Appello urgente al Sindaco Manfredi per bloccare l’ordinanza ed evitare un trauma fatale agli animali
A Napoli l’indifferenza della macchina amministrativa rischia di consumare un dramma sociale, etico e istituzionale. Nel mirino degli uffici tecnici c’è il canile di via Scarfoglio, ad Agnano: un presidio che da oltre 44 anni accoglie cani anziani, randagi, fragili e animali con un vissuto difficile, per i quali una ricollocazione è di fatto impossibile. Un rifugio nato decenni fa, prima ancora che la tutela degli animali diventasse una priorità dell’agenda pubblica. Oggi, questa casa e le 74 anime che la popolano rischiano uno sgombero forzato, minacciate dalla freddezza di un cavillo e dal silenzio dei corridoi comunali.
A portare avanti questo baluardo di civiltà, tra fatiche immani e in totale solitudine, è Adelaide “Dea” Buonocore, presidente dell’Associazione per la Difesa degli Animali e la Valorizzazione del Mastino Napoletano. Dopo la perdita del padre — ideatore della struttura — e, a breve distanza, della madre, Dea ha scelto di non arrendersi. Affrontando seri problemi di salute, lavori saltuari e l’assenza di sostegni economici pubblici, ha tirato avanti ponendosi ogni giorno un bivio drammatico: pagare il canone d’affitto o garantire cibo, coperte e cure sanitarie ai suoi 74 ospiti a quattro zampe. Una scelta di sopravvivenza, mossa unicamente dall’amore verso esseri inermi.
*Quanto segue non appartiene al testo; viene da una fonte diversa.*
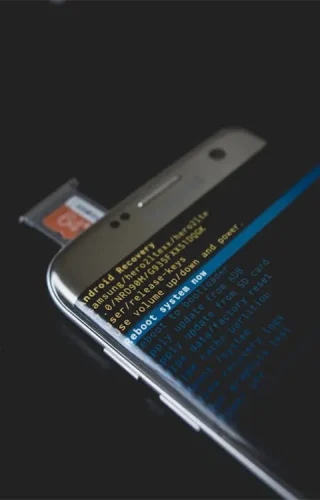 Android sistem reboot, restart, smartfon, telefon, android malware, android virus (Foto: ilustracija, Pexels by Kelvin Valerio)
A trasformare questa vicenda in un’inaccettabile ingiustizia è lo strappo democratico consumatosi alle spalle della cittadinanza. Il 4 luglio 2023, il Consiglio comunale di Napoli ha approvato a larghissima maggioranza (con un solo voto contrario) una mozione chiarissima: concedere in comodato d’uso gratuito il suolo pubblico di via Scarfoglio, riconoscere il valore sociale, assistenziale e ambientale dell’attività svolta e tutelare la continuità del canile per salvaguardare la salute degli animali. Un atto d’indirizzo politico solenne, fondato sul regolamento dei beni comuni, sulla legge regionale Campania n. 16/2001 e sul principio giuridico che riconosce gli animali come esseri senzienti.
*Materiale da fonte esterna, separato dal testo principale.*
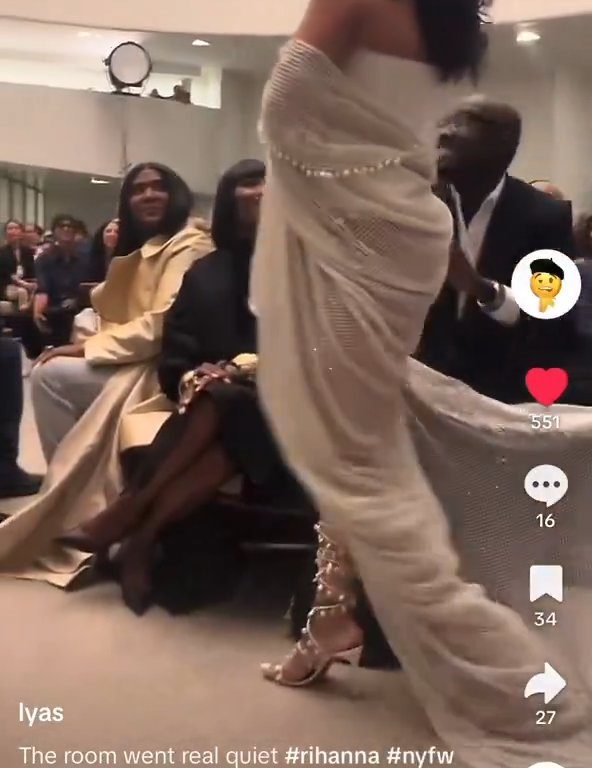 Rihanna ignora a Naomi Campbell durante desfile de moda: video viral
Eppure, la burocrazia ha deciso di trattare la volontà dell’aula come carta straccia. La macchina amministrativa ha paralizzato la decisione politica: prima contestando morosità, cavilli edilizi e la SCIA, poi inviando una PEC che dispone lo sgombero e il trasferimento degli ospiti. Un cortocircuito gravissimo: i consiglieri comunali, i rappresentanti eletti dai cittadini di Napoli votano per salvare il rifugio, ma il timbro di un dirigente ne ordina la cancellazione. Come può una burocrazia autoreferenziale scavalcare la volontà democratica senza alcuna conseguenza? Chi governa davvero questa città?
I 74 cani di Agnano non sono pacchi da traslocare o pratiche da archiviare. Parliano di animali anziani, sradicare i quali da un ambiente vissuto per anni significherebbe condannarli a un trauma fatale. Come ricordato da esponenti politici in visita al rifugio, tra cui Gianfranco Librandi e Gennaro Demetrio Paipais, la legalità non può trasformarsi nell’incapacità di trovare soluzioni o in insensibile burocrazia.
Il Sindaco di Napoli Gaetano Manfredi in qualità di prima autorità cittadina e sanitaria non può rimanere spettatore. Non si può permettere che una storia quarantennale di cura e dignità venga spazzata via dalla rigidità degli uffici.
Il Sindaco Manfredi fermi immediatamente lo sgombero. Faccia valere la forza dell’indirizzo politico espresso dal Consiglio e conceda quel comodato d’uso gratuito previsto dalla mozione. La vera buona amministrazione coniuga le regole con l’umanità: intervenga prima che sia troppo tardi.